I blame ready-to-wear collections. Twice a year these arrive on the fashion scene like a tornado blowing in the winds of change. In comes a new set of rules, colours and fads. Out goes everything I've spent six months trying to get my head around.

To ignore it would be professionally fatal. But embracing it doesn't always provide the instant gratification it should. Any customer brave enough to become a living fashion barometer must be prepared to face ridicule.

Is it any wonder there's a growing backlash to this relentless fast-fashion habit, that runs so contrary to the raging eco vibe.

"I only wear last season's clothes!" said the master of tongue-in-cheek wisdom, Karl Lagerfeld, recently.

"Real fashion insiders hate clothes when they are hot," (presumably meaning crucially trendy?) the eminent fashion writer Sarah Mower has written.

While I am not quite the fashion nut who embraces trends maniacally, I am shocked at how easily I find myself swayed. There is something about new-season trends that makes you hanker after what you thought you hated - albeit eventually. The late Alexander McQueen was particularly adept at inspiring this, while Dries Van Noten's, Lanvin's and Miuccia Prada's extraordinary colour and fabric choices - which initially seem yucky but all too soon become sublime - are another case in point.

It's pointless blaming Lagerfeld or his peers for constantly changing their minds about what is fashionable. Taste is dynamic. Fashion is a reflection of what is going on "out there" and surely a designer's purpose is to interpret his or her findings into clothes, wearable or not?

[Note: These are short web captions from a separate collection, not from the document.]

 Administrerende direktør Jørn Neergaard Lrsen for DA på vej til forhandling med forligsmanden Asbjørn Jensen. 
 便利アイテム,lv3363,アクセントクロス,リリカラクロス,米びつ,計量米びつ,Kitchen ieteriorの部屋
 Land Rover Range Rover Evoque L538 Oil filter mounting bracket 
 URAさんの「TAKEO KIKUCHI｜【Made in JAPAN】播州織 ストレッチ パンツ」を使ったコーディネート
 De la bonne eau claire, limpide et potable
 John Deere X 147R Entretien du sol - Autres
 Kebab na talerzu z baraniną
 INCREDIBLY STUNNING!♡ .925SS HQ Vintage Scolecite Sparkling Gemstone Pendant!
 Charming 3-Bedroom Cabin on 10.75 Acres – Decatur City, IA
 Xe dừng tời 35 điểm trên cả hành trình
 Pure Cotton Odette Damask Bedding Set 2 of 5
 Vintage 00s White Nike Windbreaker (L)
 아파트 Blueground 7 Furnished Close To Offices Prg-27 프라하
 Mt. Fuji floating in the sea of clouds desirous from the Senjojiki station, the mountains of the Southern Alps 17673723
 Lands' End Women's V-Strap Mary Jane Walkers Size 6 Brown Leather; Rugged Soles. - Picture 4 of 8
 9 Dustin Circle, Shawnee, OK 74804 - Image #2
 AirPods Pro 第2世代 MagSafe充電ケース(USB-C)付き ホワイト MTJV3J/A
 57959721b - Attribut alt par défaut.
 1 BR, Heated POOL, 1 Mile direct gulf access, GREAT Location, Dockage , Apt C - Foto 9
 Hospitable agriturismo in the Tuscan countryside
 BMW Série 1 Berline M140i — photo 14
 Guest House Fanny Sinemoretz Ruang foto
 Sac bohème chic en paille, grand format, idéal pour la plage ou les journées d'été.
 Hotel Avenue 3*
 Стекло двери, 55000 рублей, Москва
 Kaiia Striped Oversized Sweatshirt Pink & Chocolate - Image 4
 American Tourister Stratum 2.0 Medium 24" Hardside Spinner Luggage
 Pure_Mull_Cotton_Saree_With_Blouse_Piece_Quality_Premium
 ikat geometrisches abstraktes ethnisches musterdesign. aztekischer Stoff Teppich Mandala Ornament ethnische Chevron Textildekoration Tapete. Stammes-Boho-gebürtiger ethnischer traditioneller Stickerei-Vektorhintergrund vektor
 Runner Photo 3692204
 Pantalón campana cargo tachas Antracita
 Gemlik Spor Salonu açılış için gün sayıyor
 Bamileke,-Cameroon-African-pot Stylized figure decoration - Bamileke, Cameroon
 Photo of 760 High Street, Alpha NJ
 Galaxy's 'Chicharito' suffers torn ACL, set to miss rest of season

It's a different case, however, with pre-collections; the twice-yearly ranges slipped in between the big seasons to act as palate cleansers. Cruise, resort wear or pre-spring as it's known, is just arriving in store now and not a day too soon.

Once seen as a "poor relation" to trend-heavy autumn/winter or spring/summer ranges, pre-collections are steadily growing in importance, popularity and relevance.

Many department store buyers confide they now spend more than 60 per cent on pre-collections, that give a gentle taster of trends to come (which many women feel is as far as they want to go). One insider explained them to me thus: "Ready-to-wear plonks you in a foreign destination without a guidebook. Cruisewear takes you on a first-class ride and gives you a window seat."

Cruisewear provides options concerning how far you dare go in terms of rocking a new trend that is about to, but hasn't yet, hit mainstream. Mr Wilde might approve of that, I'd wager.

"Cruise collections are great because they are often more wearable and accessible than mainline collections," says Salama Alabbar, the founder and director of Symphony Style LLC, which owns and operates Temperley London, Marami and Symphony stores at the Dubai Mall. "They also have a better price point."

Is it mere coincidence that those brands putting energies into pre-collections happen to be exactly the same ones currently top of their league? Symphony, for instance, stocks Willow, Ports 1961 (Michelle Obama is wearing this), Chris Benz, Jason Wu, Jonathan Saunders, Rupert Sanderson and Thakoon.

"We were attracted to the feminine, carefree aesthetic of cruise ranges which fit our store concept," said Alabbar, who reckons pieces like the sarong shorts from Willow, Jonathan Saunders floral-printed dresses and Rupert Sanderson's fuchsia pink satin "Delta" stilettos, are currently on every fashionista's "wish list".

Alabbar also points out that cruise hits a particular chord with Middle Eastern customers because it is well-suited to the UAE climate. "It can be hard to heavily buy into the furs and leather etc that autumn/winter often presents us with. Without cruise, the Middle Eastern customer would have to wait a lot longer to get summery pieces."

"Cruisewear is a focused, tightly edited collection that is designed to fill a gap pre-spring when everyone has grown tired of special occasionwear but are not quite ready to leap into overly summery clothes," said Tony Alcindor, the vice president of marketing for Ports 1961, which will launch a pre-collection for autumn/winter in 2011 as a result of customer demand.

Could cruisewear, with its winning formula of being not "too modern", be what wardrobes are waiting for?